Edelrid and Mammut were the first two companies to take extra measures to ensure their slings were bluesign® certified. They worked closely with bluesign® to create certified ropes and slings. bluesign® is the strictest chemicals management company there is – they trace the entire supply chain, from the source materials, dying, construction, etc. They have a list of restricted chemicals, and measure and look for improvements in water usage, waste management, employee safety, and more.

Modern lightweight climbing slings are a combination of nylon and Dyneema® or Dyneema-like materials. Bluesign certified® slings are unique in the climbing industry, and would be much harder to certify today as bluesign® has changed their partnership requirements over the years. Currently, the company that makes Dyneema®, DSM is not a bluesign® SYSTEM PARTNER, and Dyneema is not officially a bluesign® APPROVED material. These facts would make it very hard to gain the bluesign® PRODUCT label today.

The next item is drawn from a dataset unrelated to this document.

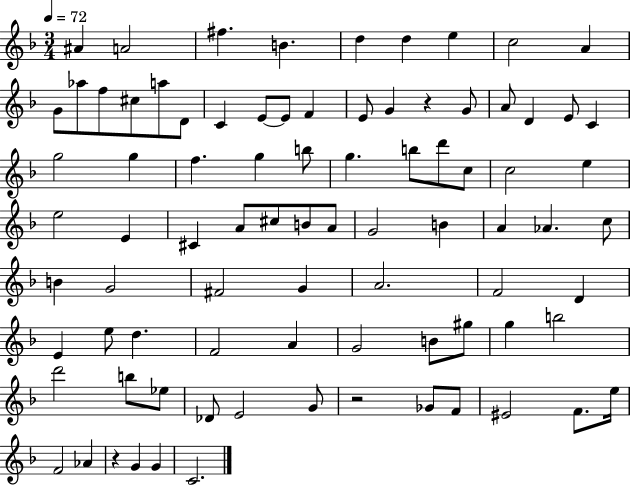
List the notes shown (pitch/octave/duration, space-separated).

A#4/q A4/h F#5/q. B4/q. D5/q D5/q E5/q C5/h A4/q G4/e Ab5/e F5/e C#5/e A5/e D4/e C4/q E4/e E4/e F4/q E4/e G4/q R/q G4/e A4/e D4/q E4/e C4/q G5/h G5/q F5/q. G5/q B5/e G5/q. B5/e D6/e C5/e C5/h E5/q E5/h E4/q C#4/q A4/e C#5/e B4/e A4/e G4/h B4/q A4/q Ab4/q. C5/e B4/q G4/h F#4/h G4/q A4/h. F4/h D4/q E4/q E5/e D5/q. F4/h A4/q G4/h B4/e G#5/e G5/q B5/h D6/h B5/e Eb5/e Db4/e E4/h G4/e R/h Gb4/e F4/e EIS4/h F4/e. E5/s F4/h Ab4/q R/q G4/q G4/q C4/h.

Right now, Edelrid and Mammut ensure that the Dyneema® yarn still conforms with all bluesign® requirements that were set and agreed upon with bluesign®. It is not standard for a climbing company to be in charge of checking compliance and this is brought up during each yearly audit. Hopefully, someday soon, bluesign® will officially partner with DSM and other yarn companies to create more bluesign® APPROVED materials. Until then, the options will be limited.

It’s worth noting that Edelrid and Mammut slings use bluesign® certified polyamide thread for the stitching and the product label is certified too.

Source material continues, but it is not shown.